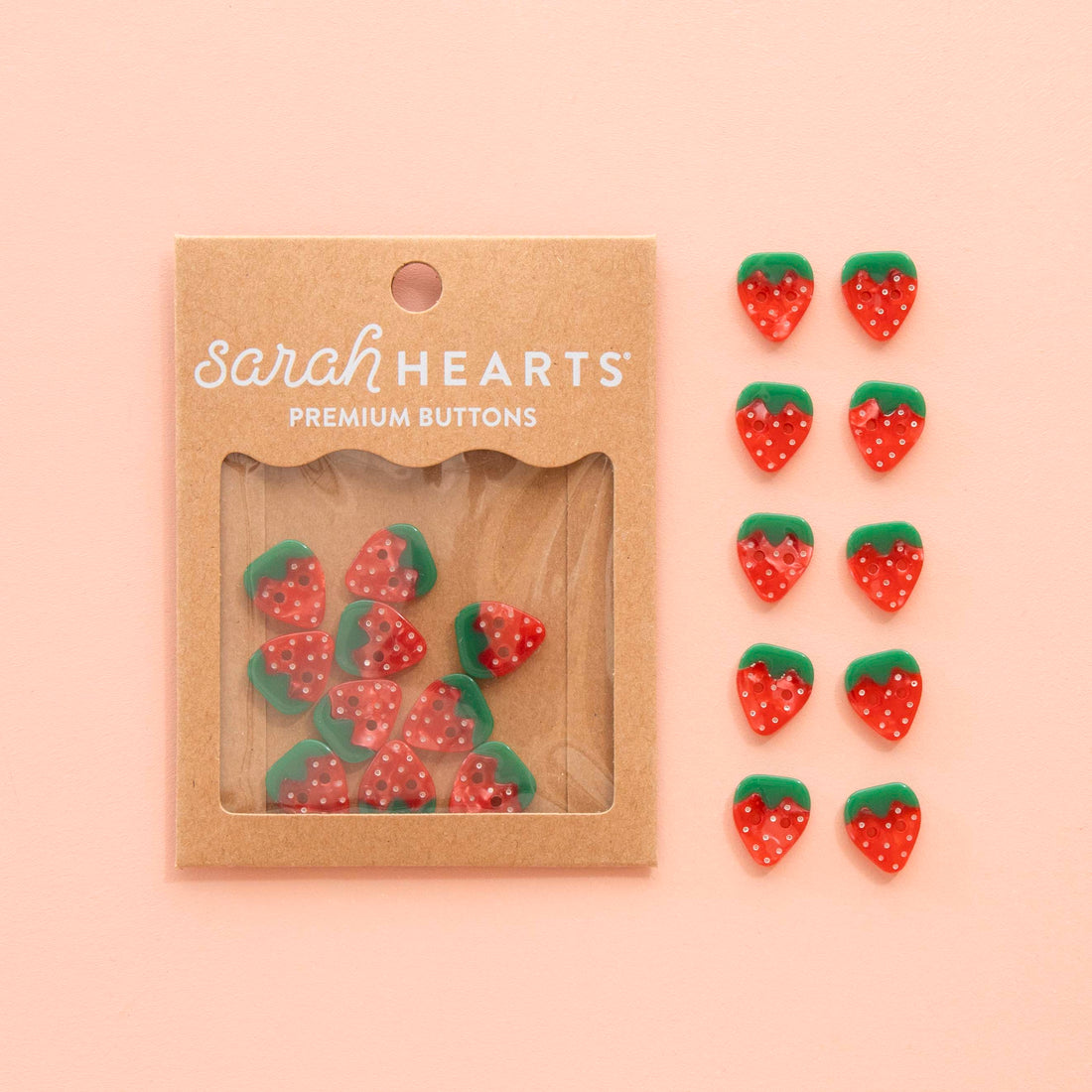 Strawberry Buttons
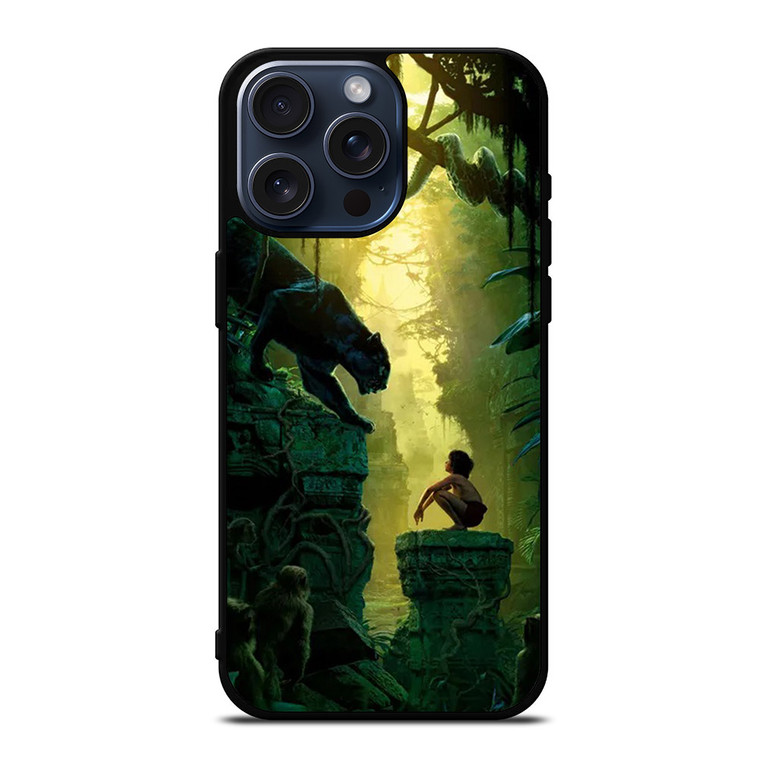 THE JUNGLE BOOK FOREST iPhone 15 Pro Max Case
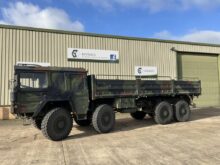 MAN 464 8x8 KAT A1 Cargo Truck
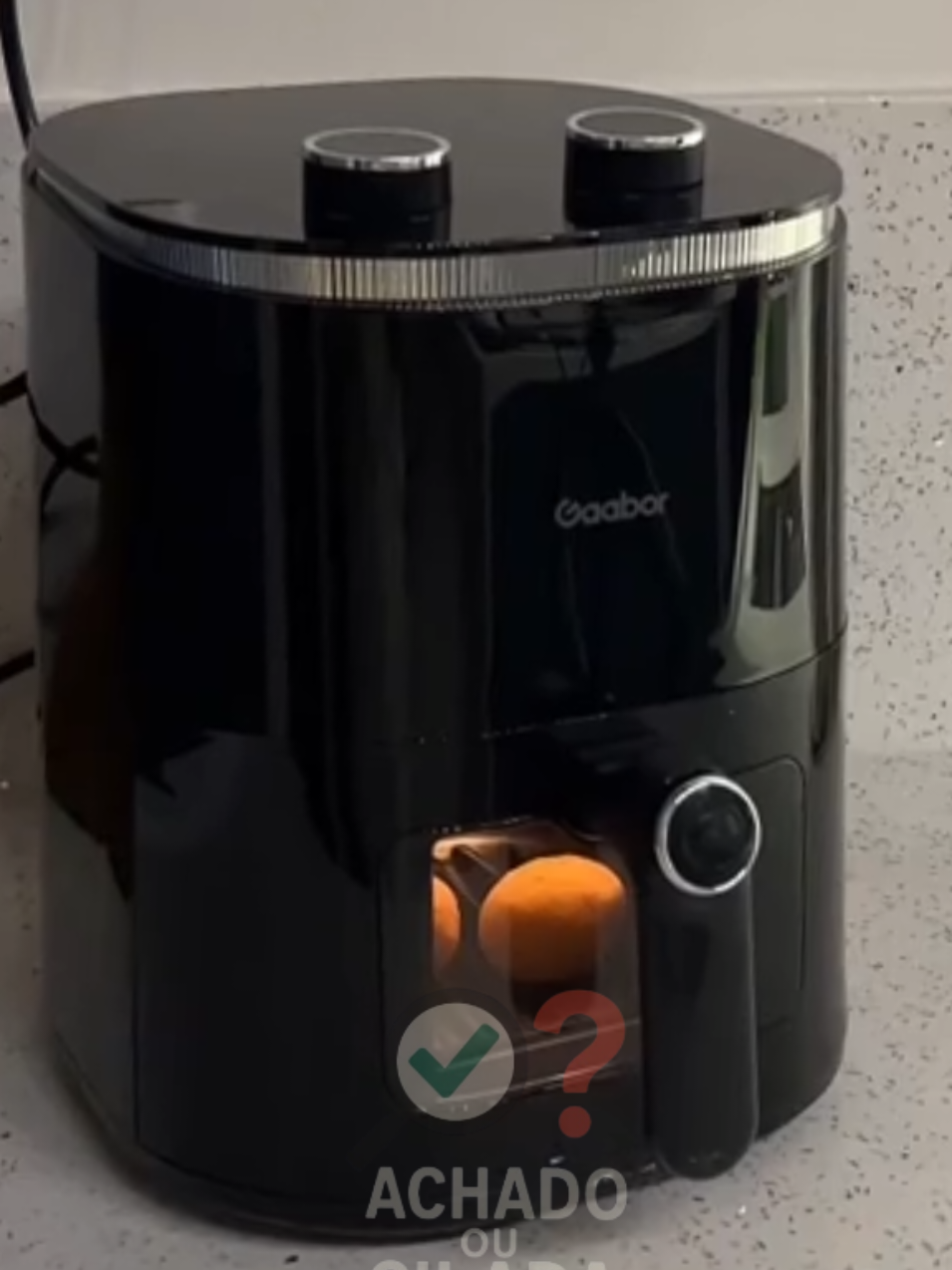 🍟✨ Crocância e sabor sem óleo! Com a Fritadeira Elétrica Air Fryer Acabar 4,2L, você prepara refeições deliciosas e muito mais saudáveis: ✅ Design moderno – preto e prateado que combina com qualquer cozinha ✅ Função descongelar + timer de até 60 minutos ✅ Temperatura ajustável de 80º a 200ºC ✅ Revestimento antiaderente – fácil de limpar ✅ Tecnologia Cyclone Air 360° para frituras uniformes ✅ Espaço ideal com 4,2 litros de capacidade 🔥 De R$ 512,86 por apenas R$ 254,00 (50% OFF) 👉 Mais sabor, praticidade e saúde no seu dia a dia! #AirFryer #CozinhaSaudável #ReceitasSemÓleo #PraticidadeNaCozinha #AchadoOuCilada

--------------------------------

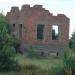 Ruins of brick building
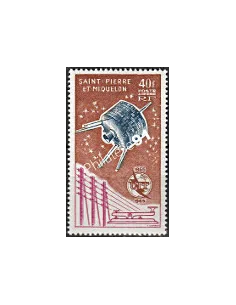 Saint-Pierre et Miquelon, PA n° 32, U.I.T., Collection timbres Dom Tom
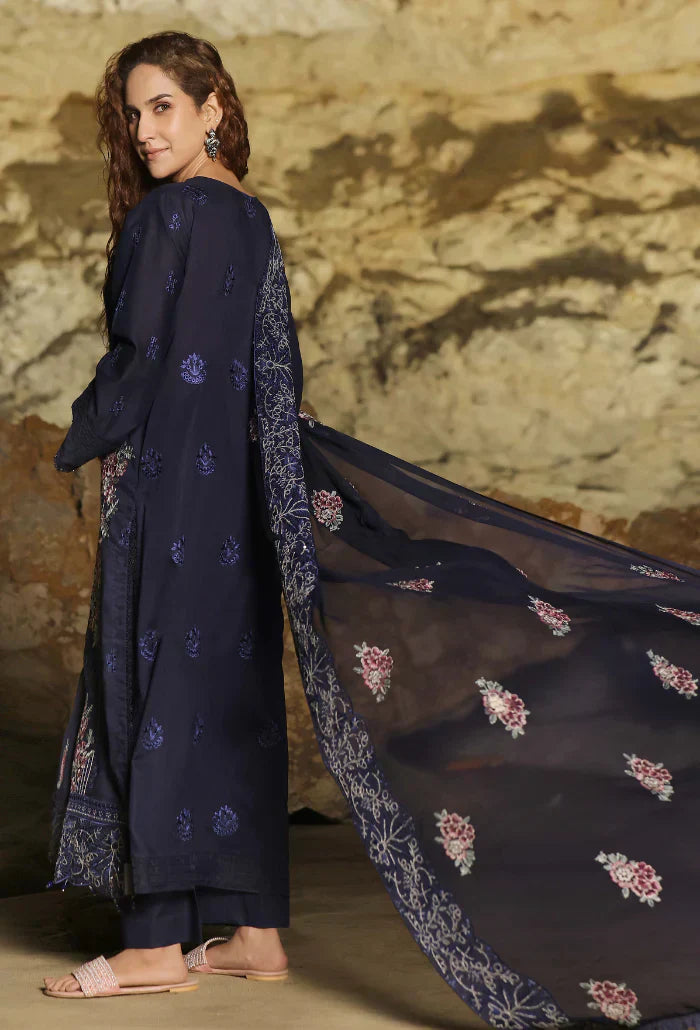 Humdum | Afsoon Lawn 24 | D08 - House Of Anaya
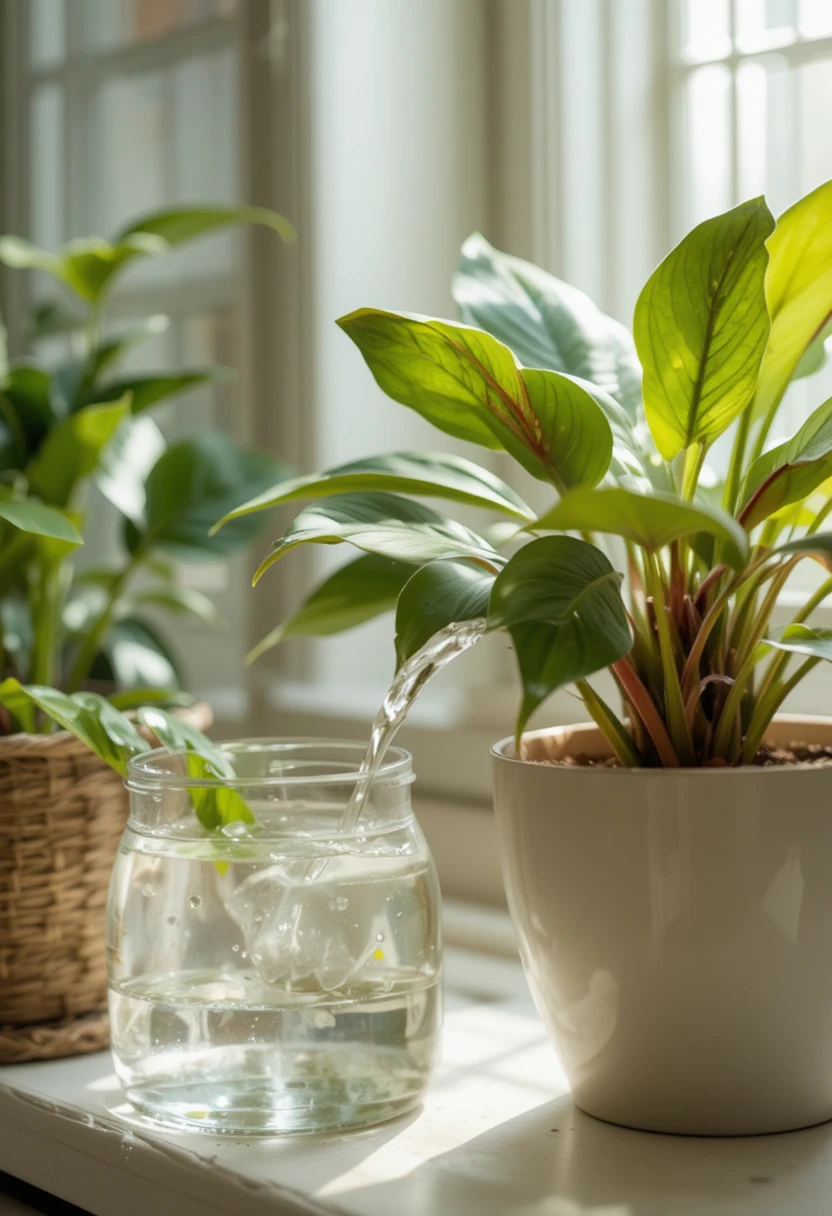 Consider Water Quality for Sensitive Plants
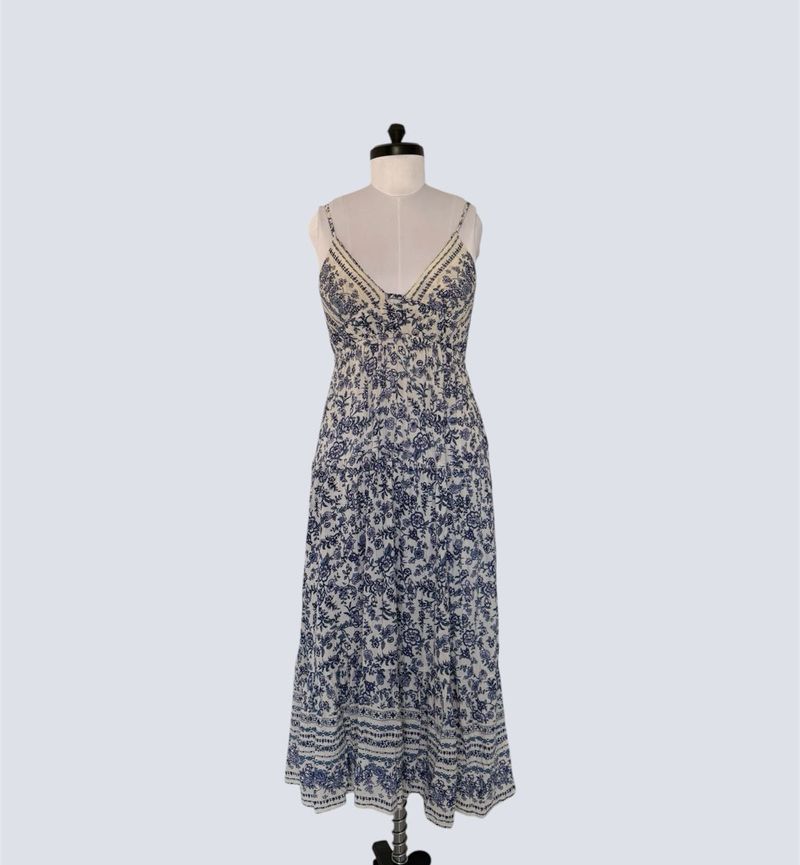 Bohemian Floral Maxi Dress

--------------------------------

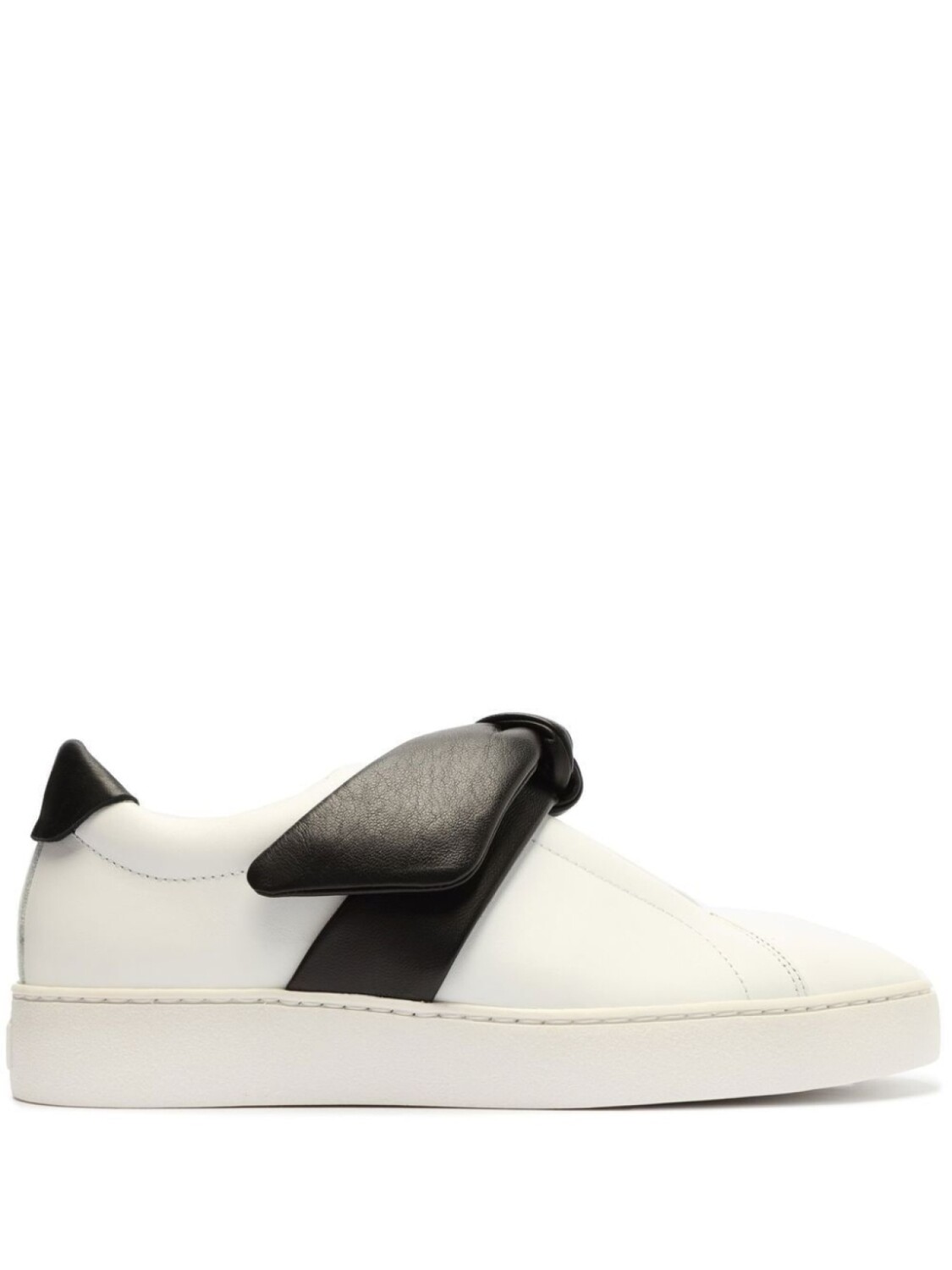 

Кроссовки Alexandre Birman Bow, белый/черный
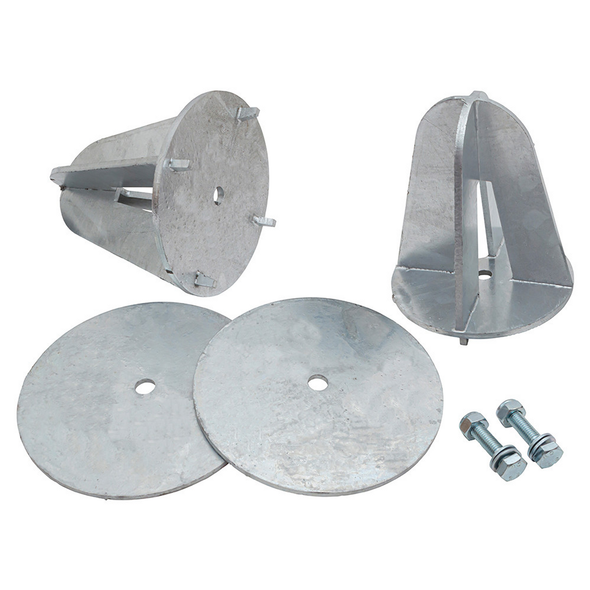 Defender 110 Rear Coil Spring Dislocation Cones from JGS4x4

--------------------------------

Task description
Skipping every picture, transcribe exactly the lines above from the one containing "Humdum | Afsoon" through the one containing "Bohemian Floral Maxi Dress", both included.

Expected output
 Humdum | Afsoon Lawn 24 | D08 - House Of Anaya
 Consider Water Quality for Sensitive Plants
 Bohemian Floral Maxi Dress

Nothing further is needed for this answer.